Material shown Start Marker

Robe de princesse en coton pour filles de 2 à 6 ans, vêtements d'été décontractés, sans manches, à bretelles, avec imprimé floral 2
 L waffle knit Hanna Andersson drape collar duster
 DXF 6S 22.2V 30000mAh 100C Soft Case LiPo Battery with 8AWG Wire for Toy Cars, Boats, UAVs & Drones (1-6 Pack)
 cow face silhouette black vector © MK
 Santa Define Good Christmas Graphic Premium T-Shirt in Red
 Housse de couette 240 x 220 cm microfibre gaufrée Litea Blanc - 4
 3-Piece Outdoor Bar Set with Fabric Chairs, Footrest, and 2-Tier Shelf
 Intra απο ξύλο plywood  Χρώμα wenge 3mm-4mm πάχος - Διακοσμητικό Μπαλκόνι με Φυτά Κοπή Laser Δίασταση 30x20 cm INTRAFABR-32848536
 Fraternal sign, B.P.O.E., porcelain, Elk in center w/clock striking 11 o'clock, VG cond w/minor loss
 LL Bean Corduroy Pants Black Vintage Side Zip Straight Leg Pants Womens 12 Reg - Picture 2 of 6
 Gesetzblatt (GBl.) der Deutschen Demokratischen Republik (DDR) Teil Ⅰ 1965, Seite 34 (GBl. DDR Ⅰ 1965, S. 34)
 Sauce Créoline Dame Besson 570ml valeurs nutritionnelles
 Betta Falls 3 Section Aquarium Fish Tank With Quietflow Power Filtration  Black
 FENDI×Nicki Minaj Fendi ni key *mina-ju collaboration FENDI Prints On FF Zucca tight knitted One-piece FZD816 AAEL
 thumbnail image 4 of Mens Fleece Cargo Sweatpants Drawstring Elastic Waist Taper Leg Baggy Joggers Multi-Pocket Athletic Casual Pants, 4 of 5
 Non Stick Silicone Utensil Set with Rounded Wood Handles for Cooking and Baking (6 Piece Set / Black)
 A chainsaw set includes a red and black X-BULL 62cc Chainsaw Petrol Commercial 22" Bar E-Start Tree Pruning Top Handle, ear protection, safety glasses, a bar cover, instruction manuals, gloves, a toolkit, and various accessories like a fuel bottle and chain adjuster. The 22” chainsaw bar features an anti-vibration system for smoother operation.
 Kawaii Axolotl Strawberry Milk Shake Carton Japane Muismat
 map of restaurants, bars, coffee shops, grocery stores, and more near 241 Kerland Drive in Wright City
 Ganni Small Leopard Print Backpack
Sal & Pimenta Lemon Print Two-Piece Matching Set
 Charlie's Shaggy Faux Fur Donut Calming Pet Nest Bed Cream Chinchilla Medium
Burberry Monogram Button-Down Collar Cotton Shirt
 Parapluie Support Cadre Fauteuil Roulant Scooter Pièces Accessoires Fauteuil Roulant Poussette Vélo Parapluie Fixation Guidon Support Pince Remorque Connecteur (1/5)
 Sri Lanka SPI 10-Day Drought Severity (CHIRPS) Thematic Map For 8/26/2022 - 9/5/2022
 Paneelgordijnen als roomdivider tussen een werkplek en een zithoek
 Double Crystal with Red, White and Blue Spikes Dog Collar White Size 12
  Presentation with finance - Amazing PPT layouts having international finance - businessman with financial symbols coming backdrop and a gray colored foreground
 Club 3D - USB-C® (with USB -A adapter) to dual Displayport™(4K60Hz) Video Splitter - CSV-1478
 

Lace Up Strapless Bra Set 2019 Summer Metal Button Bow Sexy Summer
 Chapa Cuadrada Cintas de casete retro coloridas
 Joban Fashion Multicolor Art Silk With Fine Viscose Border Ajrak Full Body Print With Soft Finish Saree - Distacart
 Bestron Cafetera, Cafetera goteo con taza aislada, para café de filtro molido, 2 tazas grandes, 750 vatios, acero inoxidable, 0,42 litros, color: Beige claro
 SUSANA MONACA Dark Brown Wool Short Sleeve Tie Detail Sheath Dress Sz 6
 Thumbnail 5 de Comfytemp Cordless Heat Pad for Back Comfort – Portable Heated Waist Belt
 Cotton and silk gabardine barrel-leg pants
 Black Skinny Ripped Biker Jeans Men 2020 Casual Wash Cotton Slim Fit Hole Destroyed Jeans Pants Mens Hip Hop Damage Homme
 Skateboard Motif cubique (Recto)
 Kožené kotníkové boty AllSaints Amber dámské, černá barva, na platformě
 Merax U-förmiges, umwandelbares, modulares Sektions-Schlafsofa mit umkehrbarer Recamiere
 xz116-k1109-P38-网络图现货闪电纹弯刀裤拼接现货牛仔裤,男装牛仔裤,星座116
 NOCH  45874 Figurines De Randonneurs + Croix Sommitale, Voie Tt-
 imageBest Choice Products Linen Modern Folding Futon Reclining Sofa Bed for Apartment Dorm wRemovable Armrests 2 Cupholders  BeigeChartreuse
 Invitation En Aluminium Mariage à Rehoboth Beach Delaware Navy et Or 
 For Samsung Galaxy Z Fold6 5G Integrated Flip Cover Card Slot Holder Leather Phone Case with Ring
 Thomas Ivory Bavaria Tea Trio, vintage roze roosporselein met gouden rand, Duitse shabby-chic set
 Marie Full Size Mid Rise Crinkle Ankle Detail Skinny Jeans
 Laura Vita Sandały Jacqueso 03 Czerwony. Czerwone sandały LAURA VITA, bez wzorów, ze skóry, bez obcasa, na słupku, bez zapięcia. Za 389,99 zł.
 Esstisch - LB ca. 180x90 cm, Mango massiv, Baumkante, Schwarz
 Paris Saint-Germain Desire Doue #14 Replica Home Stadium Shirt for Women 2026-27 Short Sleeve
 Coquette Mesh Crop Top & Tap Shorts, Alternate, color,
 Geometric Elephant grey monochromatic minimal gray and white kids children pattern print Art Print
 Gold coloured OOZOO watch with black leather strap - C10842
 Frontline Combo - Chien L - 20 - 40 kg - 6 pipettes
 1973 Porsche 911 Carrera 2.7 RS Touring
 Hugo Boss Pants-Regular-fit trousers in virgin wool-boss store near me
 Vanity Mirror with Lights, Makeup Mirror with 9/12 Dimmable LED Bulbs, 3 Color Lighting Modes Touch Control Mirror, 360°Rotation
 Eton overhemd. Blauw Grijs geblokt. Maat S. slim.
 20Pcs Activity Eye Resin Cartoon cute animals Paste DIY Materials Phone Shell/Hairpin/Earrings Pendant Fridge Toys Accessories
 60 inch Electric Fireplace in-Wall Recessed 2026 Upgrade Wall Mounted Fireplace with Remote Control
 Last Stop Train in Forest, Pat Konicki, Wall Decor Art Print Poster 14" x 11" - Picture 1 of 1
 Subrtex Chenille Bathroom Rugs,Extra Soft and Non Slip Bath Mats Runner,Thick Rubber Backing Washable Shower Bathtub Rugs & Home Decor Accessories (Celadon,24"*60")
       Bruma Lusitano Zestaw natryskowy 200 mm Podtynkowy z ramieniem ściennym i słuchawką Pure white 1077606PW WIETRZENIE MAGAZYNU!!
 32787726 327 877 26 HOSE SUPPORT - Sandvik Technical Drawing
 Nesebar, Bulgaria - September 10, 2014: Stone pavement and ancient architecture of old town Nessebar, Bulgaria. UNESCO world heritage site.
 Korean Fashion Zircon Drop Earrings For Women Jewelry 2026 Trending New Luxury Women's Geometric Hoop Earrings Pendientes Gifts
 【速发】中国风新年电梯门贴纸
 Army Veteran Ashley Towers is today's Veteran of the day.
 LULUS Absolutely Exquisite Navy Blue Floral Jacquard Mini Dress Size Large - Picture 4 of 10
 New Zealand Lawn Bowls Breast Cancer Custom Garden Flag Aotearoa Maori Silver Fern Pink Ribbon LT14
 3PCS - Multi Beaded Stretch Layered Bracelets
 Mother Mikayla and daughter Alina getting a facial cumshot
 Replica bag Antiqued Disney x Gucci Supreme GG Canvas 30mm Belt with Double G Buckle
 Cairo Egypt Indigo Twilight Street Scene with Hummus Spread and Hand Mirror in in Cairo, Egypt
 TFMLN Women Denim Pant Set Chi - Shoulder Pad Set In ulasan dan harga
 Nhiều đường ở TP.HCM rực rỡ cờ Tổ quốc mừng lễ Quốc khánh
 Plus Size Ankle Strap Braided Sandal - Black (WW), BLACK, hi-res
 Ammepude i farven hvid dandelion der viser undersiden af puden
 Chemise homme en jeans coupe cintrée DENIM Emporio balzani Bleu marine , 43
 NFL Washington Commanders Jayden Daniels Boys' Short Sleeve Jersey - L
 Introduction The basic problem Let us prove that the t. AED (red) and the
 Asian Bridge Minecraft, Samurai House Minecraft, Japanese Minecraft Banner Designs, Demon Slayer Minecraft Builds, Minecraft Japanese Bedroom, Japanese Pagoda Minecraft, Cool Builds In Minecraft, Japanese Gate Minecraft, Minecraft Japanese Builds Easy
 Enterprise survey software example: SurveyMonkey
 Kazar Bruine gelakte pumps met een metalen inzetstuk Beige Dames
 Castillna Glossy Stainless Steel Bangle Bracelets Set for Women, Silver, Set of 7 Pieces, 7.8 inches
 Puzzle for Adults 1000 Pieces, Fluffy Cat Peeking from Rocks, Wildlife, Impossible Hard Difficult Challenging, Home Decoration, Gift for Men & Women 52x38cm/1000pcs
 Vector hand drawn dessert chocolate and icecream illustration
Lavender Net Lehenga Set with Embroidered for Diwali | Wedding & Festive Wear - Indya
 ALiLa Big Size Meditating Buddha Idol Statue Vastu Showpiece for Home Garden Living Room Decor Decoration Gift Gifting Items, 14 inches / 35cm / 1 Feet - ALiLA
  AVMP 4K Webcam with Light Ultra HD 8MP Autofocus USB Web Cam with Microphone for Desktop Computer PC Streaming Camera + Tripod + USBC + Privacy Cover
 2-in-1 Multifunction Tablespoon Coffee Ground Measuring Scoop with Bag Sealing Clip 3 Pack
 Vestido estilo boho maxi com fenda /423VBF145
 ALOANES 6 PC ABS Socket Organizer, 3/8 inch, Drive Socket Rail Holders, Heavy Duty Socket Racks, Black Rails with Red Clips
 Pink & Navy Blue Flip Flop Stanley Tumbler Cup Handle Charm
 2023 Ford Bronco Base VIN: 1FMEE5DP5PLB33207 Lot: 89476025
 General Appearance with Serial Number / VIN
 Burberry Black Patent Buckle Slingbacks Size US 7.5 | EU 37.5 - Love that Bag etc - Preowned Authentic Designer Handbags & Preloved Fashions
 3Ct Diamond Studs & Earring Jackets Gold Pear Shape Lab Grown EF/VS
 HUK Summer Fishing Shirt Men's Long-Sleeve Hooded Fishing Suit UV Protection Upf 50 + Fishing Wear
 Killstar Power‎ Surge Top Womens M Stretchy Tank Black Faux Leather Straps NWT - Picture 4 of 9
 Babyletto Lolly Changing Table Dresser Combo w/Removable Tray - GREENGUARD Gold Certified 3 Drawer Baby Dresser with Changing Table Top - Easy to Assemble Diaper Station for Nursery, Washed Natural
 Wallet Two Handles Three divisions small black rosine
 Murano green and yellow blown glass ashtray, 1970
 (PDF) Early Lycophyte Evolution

Material shown End Marker

Instructions for the task
Could you restate word for word the lines above from the one containing "Babyletto Lolly Changing" through the one containing "Wallet Two Handles", both included, and nothing else?

Task answer
 Babyletto Lolly Changing Table Dresser Combo w/Removable Tray - GREENGUARD Gold Certified 3 Drawer Baby Dresser with Changing Table Top - Easy to Assemble Diaper Station for Nursery, Washed Natural
 Wallet Two Handles Three divisions small black rosine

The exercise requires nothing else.